This section is from the book "The International Cook Book", by Alexander Filippini. Also available from Amazon: The international cook book; over 3,300 recipes gathered from all over the world, including many never before published in English. With complete menus of the three meals for every day.
Olives Lyon Sausage (582)
Potage Cousinette Broiled Shad, Ravigote Sliced Cucumbers (340)
Filets Mignon, Sauce Minute Baked Tomatoes Potatoes Fondantes (56) Roast Turkey, Cranberry Sauce (67) Chicory Salad (38)
Savarins, Chantilly
Finely mince a quarter of a very small, well-trimmed and thoroughly washed white cabbage, ten leaves fresh, well-washed spinach, one small carrot, one medium-sized white onion, two leeks, four branches parsley and one bean sound garlic.
Have three and a half quarts boiling water with a teaspoon salt, half teaspoon white pepper, one saltspoon thyme, one bay leaf and half sprig marjoram.

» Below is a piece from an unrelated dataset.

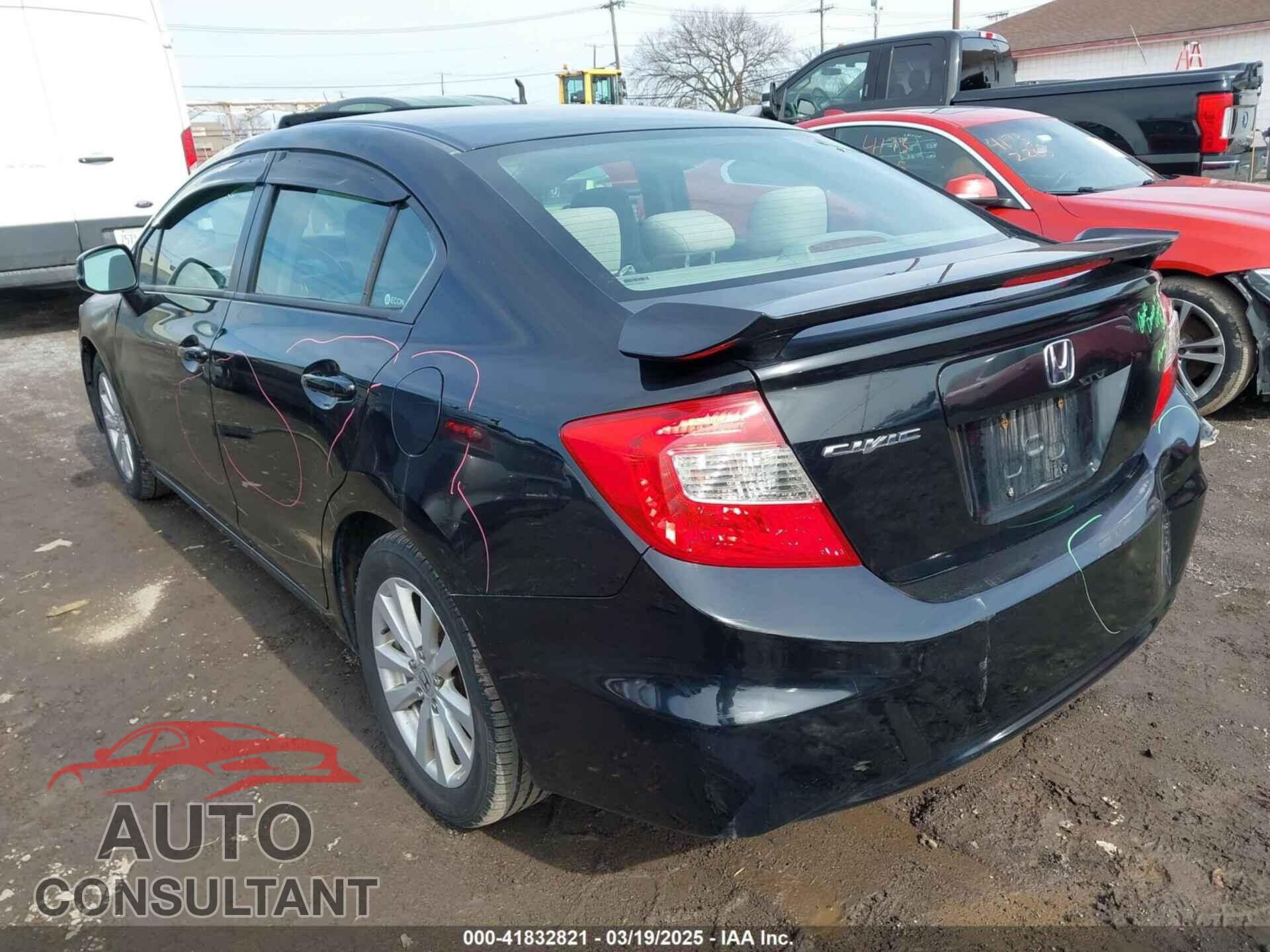 HONDA CIVIC 2012 - 2HGFB2F80CH319459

Add all the above vegetables, with a small cervela sausage and one ounce butter. Cover the pan and let slowly boil for two hours. Uncover, remove the sausage, majoram and bay leaf, add two small raw potatoes cut in small squares and slowly cook again for twenty-five minutes. Cut the sausage in very thin slices, add to the soup and serve.
Neatly scale, trim and remove the principal bones of half a very fresh roe shad of three pounds. Mix on a plate a tablespoon oil with a teaspoon salt, half teaspoon white pepper and roll the fish all over in the seasoning. Arrange on a broiler and broil on a brisk fire for six minutes on each side. Remove, dress on a large hot dish and send to the table with a ravigote sauce prepared as per No. 366 in a saucebowl separately.

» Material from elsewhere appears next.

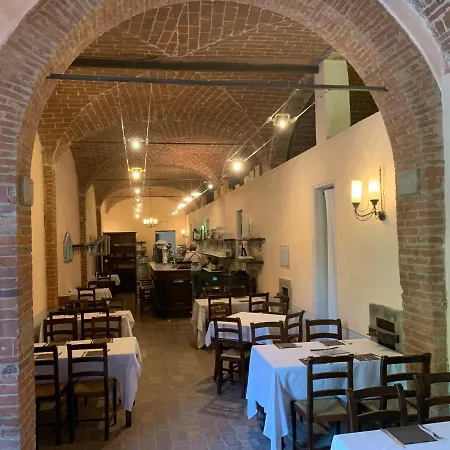 Incantevole Borgo Con Piscine Apartamento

Cut from a two-pound piece of well-trimmed filet of beef six equal filets. Season with a teaspoon salt and half teaspoon pepper. Heat one tablespoon butter in a frying pan, lay in the filets, one beside another briskly fry for three minutes on each side. Remove, dress on a large dish on top of six round pieces of toasted bread and keep warm. Skim the fat from the gravy of the pan, add one teaspoon flour; stir well, moisten with half gill claret and half gill white broth (No. 701), adding half teaspoon freshly chopped chives; mix well and briskly boil until reduced to half the quantity. Pour over the filets and serve.

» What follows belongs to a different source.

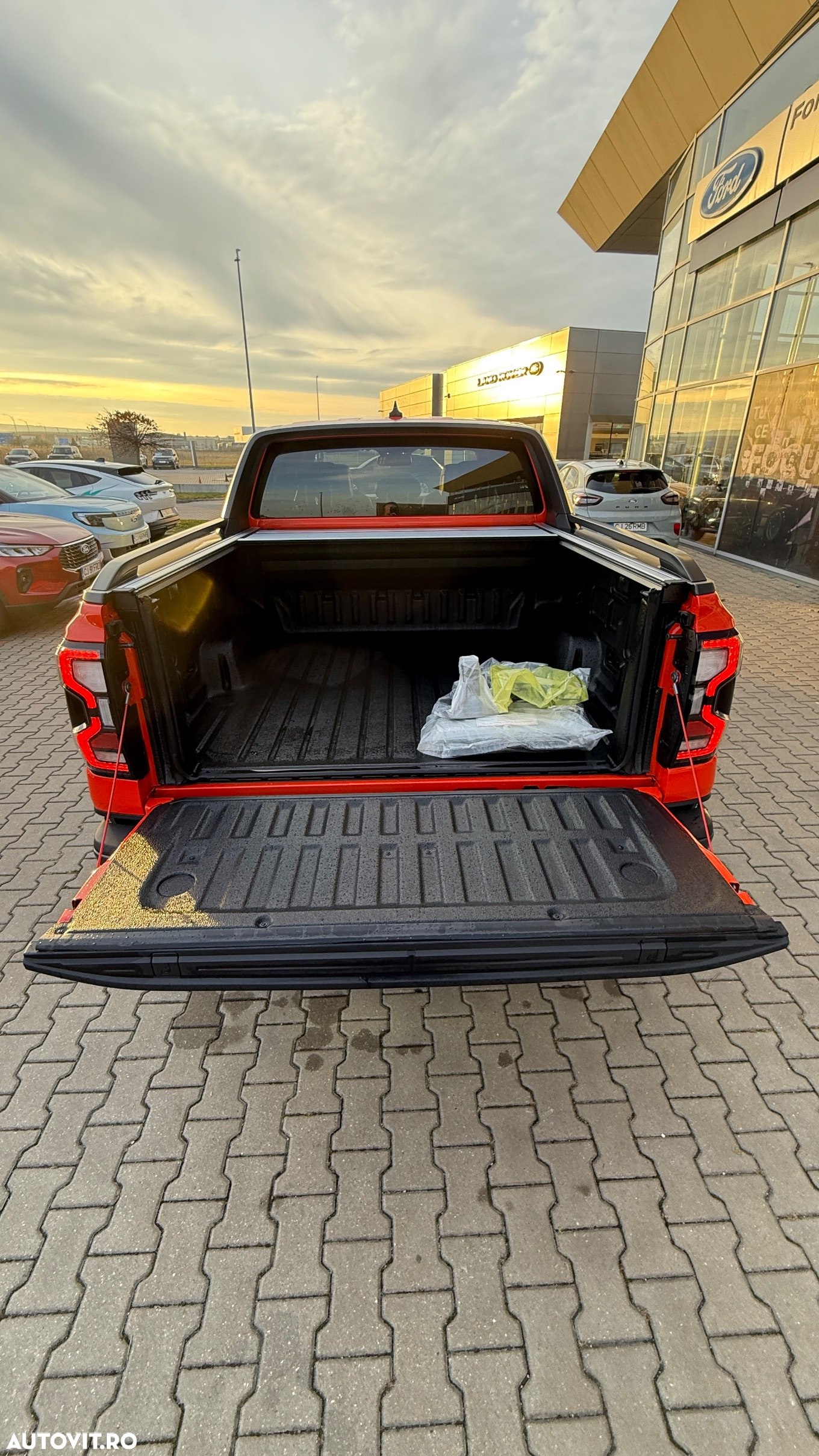 Ford Ranger Pick-Up 2.0 EcoBlue 213 CP 4x4 Cabina Dubla Raptor Aut. - 18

Remove the stems and thoroughly wipe six fresh red tomatoes. Cut a small cover from the top of each and place in a lightly buttered tin. Season all round with a teaspoon salt, a teaspoon sugar and half teaspoon white pepper. Arrange a little butter on top of each tomato, place the covers on and bake in the oven for twenty minutes or till soft, basting once in a while. Remove and serve on six separate saucers.
Prepare six savarins exactly as per No. 441. Remove the raspberries altogether. When you remove the savarins from the oven, let them cool off on a table; unmould them.
Have in a small saucepan three ounces granulated sugar, half pint cold water and three tablespoons of Madeira wine. Boil for five minutes, stirring well meanwhile. Remove to a table, plunge the savarins into the sauce for five minutes. Lift them up, arrange on a dish. Pour half a teaspoon of Madeira wine over each; fill up the centre of each cake with half pint whipped cream, prepared as per No. 337, and serve.